Autore: Sara Ferrilli.
Data redazione: 29.08.2024.
Data ultima revisione: 19.12.2024.
1 Paura intensa e improvvisa provocata da qsa di inaspettato o da una sensazione di minaccia o di pericolo incombente.
[1] Inf. 3.131: Finito questo, la buia campagna / tremò sì forte, che de lo spavento / la mente di sudore ancor mi bagna.
Pien di spavento: molto spaventato.
[2] Purg. 12.47: O folle Aragne, sì vedea io te / già mezza ragna, trista in su li stracci / de l'opera che mal per te si fé. / O Roboàm,  già non par che minacci / quivi 'l tuo segno; ma pien di spavento / nel porta un carro, sanza ch'altri il cacci.
2 Pien di spavento: che incute molta paura, spaventoso.

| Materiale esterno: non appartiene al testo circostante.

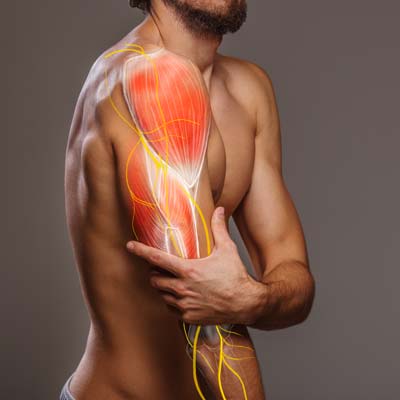 Understanding Nerve Pain and How Chiropractic Care Can Help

[1] Inf. 9.65: E già venìa su per le torbide onde / un fracasso d'un suon, pien di spavento, / per cui tremavano amendue le sponde, / non altrimenti fatto che d'un vento / impetüoso per li avversi ardori, / che fier la selva e sanz' alcun rattento / li rami schianta, abbatte e porta fori; / dinanzi polveroso va superbo, / e fa fuggir le fiere e li pastori.